Lately I’ve been feeling a shift coming on…a need to deep dive into abstraction.

Some things I’m playing around with in the studio…staining my canvases in washes of watercolor…more intuitive painting. When painting large in the past, I’ve painted small mockups first, then translated it to a large canvas later. Now I am throwing and pouring water and painting straight on the big canvases. Allowing what will happen to happen. This is where the magic lies…in the experimentation. Each happy accident informing the next. A conversation with the painting itself and its becoming. What does it want to be?

I’m doing my best to get out of the way and allow the painting and the relationship between my intuition and the alchemical reaction of the paint drive the journey and inform my next move. It’s the way I began painting abstract when I first returned to it a decade ago.

I’m returning to this way of painting because it’s the essential stuff that pulls me to the studio. The possibility of what will happen. The potential breakthrough in technique or found texture.

I’m happy to return to basics, even taking a painting class this week and checking out some painting and color mixing books at the library.

After pouring so much energy into building my art business, and doing commissions and client work, it feels really right to be drawn into the studio. I want to push my practice and discover new territory.

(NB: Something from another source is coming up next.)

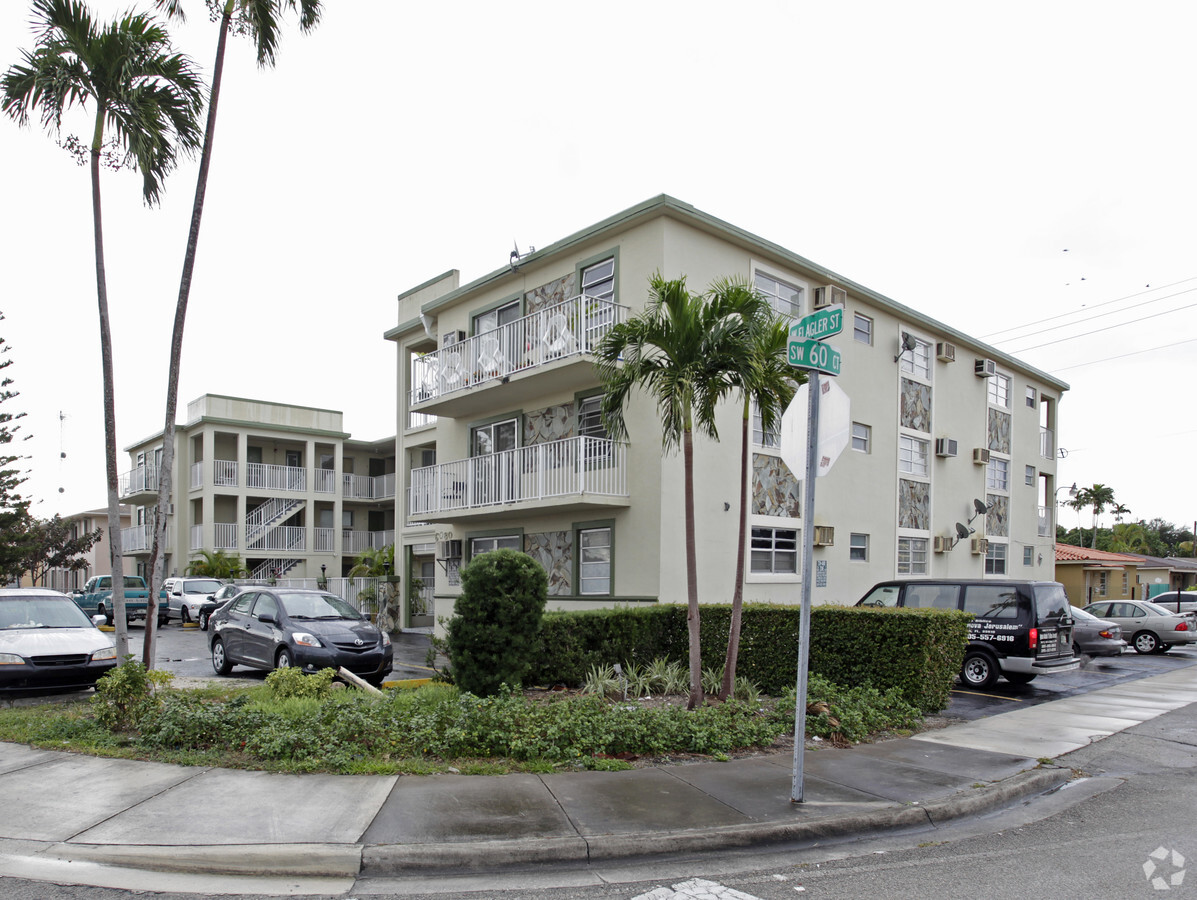 6080 W Flagler Street - 6080 W Flagler St Apartments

This shift I’ve been feeling isn’t without pain. Change is hard. It’s hard to head into the unknown. How will my paintings evolve? What will the next series explore? How can my work evolve while still being recognizably mine?

Some culture consumption this week to foster this shift…

Reading M Train…the always brilliant stream of consciousness writing by Patti Smith forces me to ask deeper questions, and always be observing.

Listening to Ryan Holiday’s Stillness is the Key on audible…learning this stoic philosophy on stillness, meditation, breathing and letting go. It’s a pep talk on how to sloooow down. These days with three children, any method of self care that also helps hack time is GOLD.

I’m studying the techniques of Helen Frankenthaler and trying to achieve a freer execution on canvas…loosening up.

I’m excited, (a little scared), and ready for a change.